→ ABOUT THIS EXERCISE: Under this line are the records; repeat exactly the lines starting at the one containing "Welcome to Mission" and ending at the one containing "To wrap up for", omitting pictures.

→ INFORMATION GIVEN:
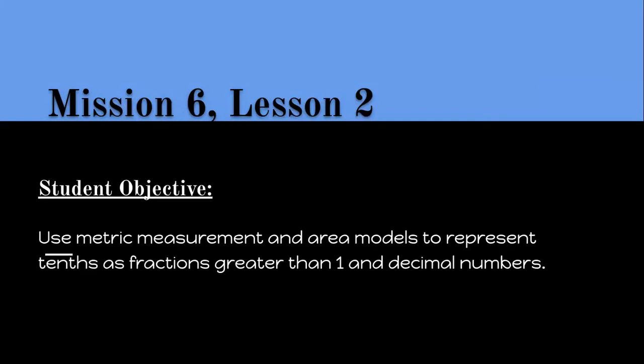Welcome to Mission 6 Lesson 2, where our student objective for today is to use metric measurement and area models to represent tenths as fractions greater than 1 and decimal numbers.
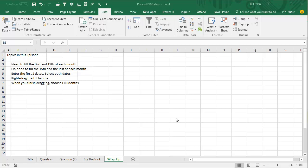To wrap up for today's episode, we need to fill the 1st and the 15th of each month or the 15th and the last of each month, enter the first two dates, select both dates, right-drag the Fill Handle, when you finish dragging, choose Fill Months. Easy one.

* * *

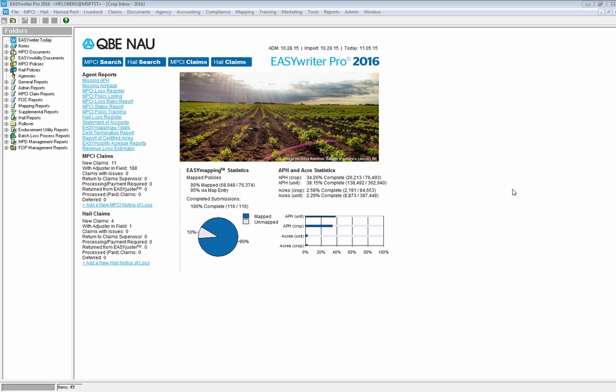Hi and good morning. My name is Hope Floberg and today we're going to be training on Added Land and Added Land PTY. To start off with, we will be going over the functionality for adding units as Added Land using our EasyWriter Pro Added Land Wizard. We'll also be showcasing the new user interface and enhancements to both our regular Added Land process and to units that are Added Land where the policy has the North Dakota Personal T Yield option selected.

* * *

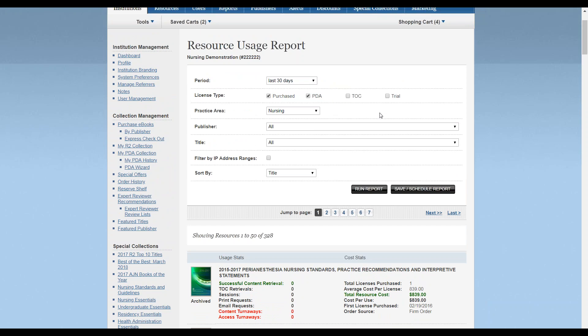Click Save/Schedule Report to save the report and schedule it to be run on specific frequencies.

→ OUTPUT FOR THIS EXERCISE:
Welcome to Mission 6 Lesson 2, where our student objective for today is to use metric measurement and area models to represent tenths as fractions greater than 1 and decimal numbers.
To wrap up for today's episode, we need to fill the 1st and the 15th of each month or the 15th and the last of each month, enter the first two dates, select both dates, right-drag the Fill Handle, when you finish dragging, choose Fill Months. Easy one.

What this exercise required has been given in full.